An Archives of Internal Medicine "review" claims that fish oil and fish oil supplements showed no heart benefit in patients who already had a history of heart disease. Here's the problem with this conclusion.
- It goes against decades of data, including a "review" performed last year that showed the benefits of EPA and DHA for secondary heart prevention.
- A small reduction in cardiovascular death was shown, but disappeared after exclusion of a trial that had "major methodologic problems". Why would the researchers include a study in their meta analysis that had major methodologic problems?

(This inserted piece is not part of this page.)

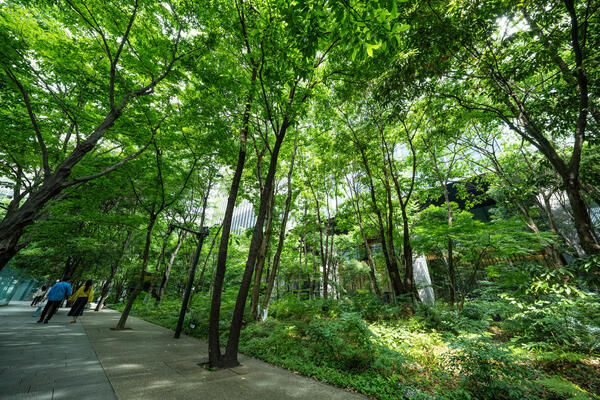 大手町タワー（大手町の森）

- The authors themselves concede that their analysis is limited, especially in that they only analyzed trials with small populations and short durations.
- The authors performed a meta analysis, selecting 14 studies from 1007. Why so selective? Their reasoning was not convincing. This is yet another example of why one cannot make conclusions from meta analyses. There is precedence for authors who take liberties with meta analyses, especially if bias enters into the equation. Any researcher can prove a point from a substance as heavily researched as fish oil when selecting 14 studies from 1007!
- Time Magazine: "Findings don’t necessarily mean that omega-3s — the study looked at the fatty acids EPA (eicosapentaenoic acid) and DHA (docosahexaenoic acid) — are useless when it comes to preventive health. Indeed, the American Heart Association (AHA) recommends that both heart patients and those who don’t yet have heart disease eat fatty fish at least two times a week, and if they can’t consume that much fish, then to boost their omega-3 intake with supplements. According to the AHA, studies show that omega-3 fatty acids can decrease the risk of abnormal heartbeats, keep triglyceride levels down and inhibit the build up of atherosclerotic plaques in the heart’s blood vessels.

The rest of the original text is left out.